CVP Flashcards
CVPI commands
cvpi status all
cvpi start/stop all
cvpi deps
cvpi deps hbase start
cvpi env
cvpi backup/restore
cvpi -v=3 start all
The log directory in CVP
/var/log/agents
(note there are multiple files in this directory)
Zookeeper
- is a centralized service for maintaining configuration information, naming, providing distributed synchronization, and providing group services. All of these kinds of services are used in some form or another by distributed applications.
- provides failover services of hbase and hdfs hadoop.

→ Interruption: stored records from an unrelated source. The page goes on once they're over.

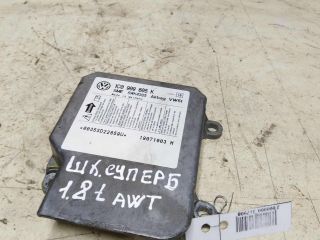 blok-upravleniia-airbag-poduskami-bezopasnosti-skoda-superb-i-rest-art-48880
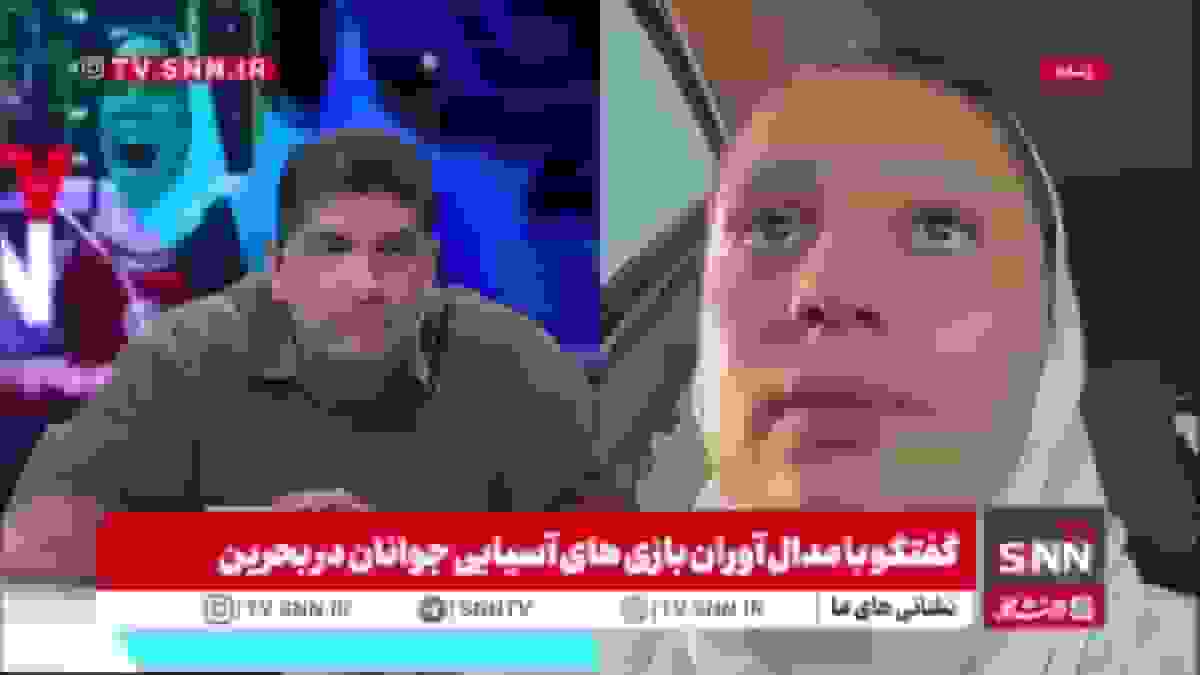 باران جانی: ساق پایم ۳ ترک دارد و امکانات ورزشی در کرمان بسیار محدود است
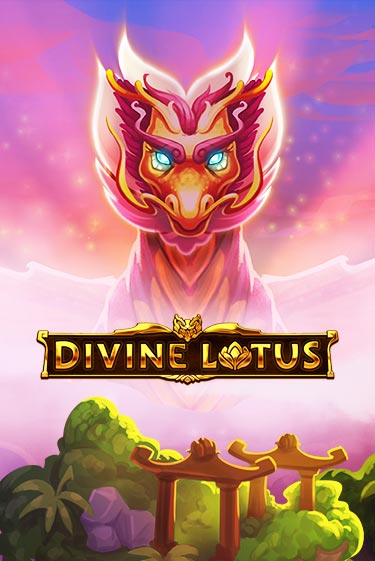 Divine Lotus демо игровой автомат | ВАВАДА бесплатно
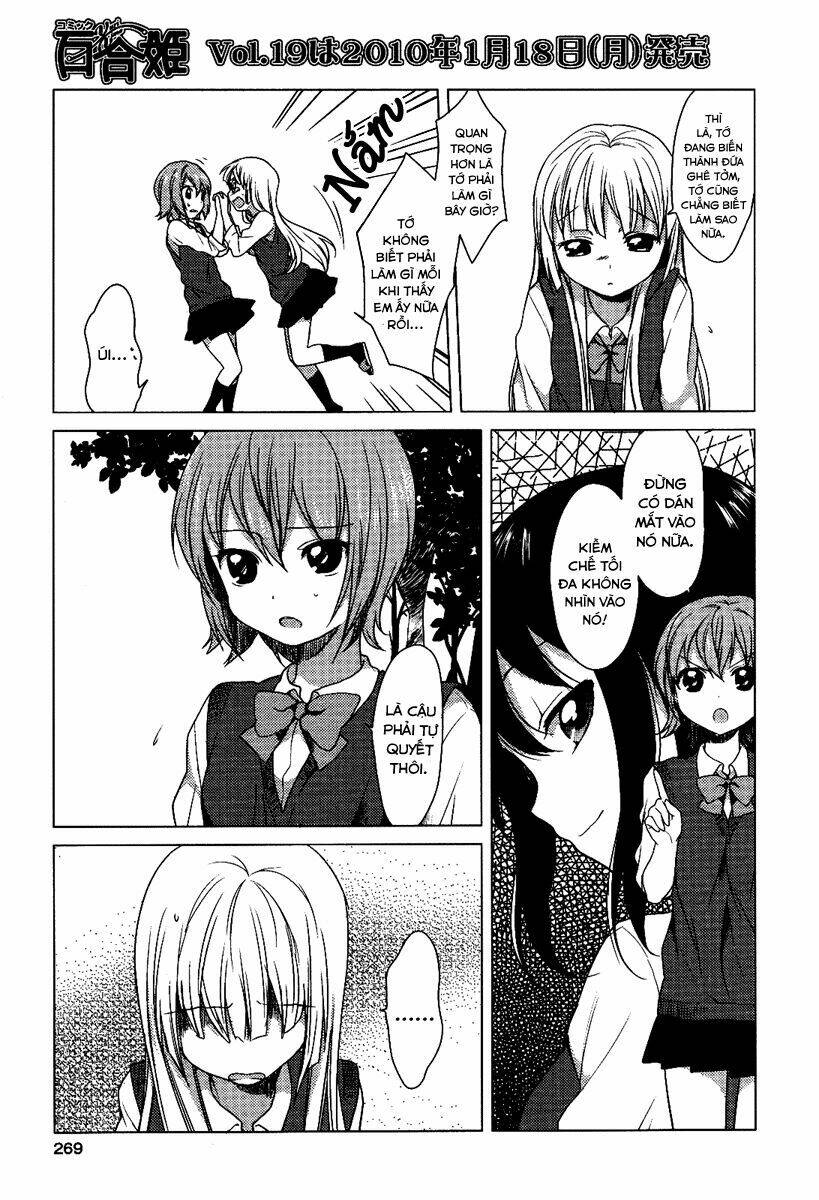 Yuri Yuri: Chapter 1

- if one of the sub components of hadoop or hbase fails, zookeeper launches a backup on the next available node.
- located in /cvpi/zookeeper
Hadoop
- Hadoop is an open-source framework for storing data and running applications on clusters of commodity hardware.
- Components include:
+ Datanode - (which holds the actual data)
+ Namenode - (which holds the metadata)
+ nfs3
+ secondarynamenode
+ Journalnode
Datanode
- is responsible for storing the actual data in HDFS.
- Datanode and Namenode are in constant communication.
- When a Datanode starts up it announces itself to the Namenode along with a list of blocks it is responsible for.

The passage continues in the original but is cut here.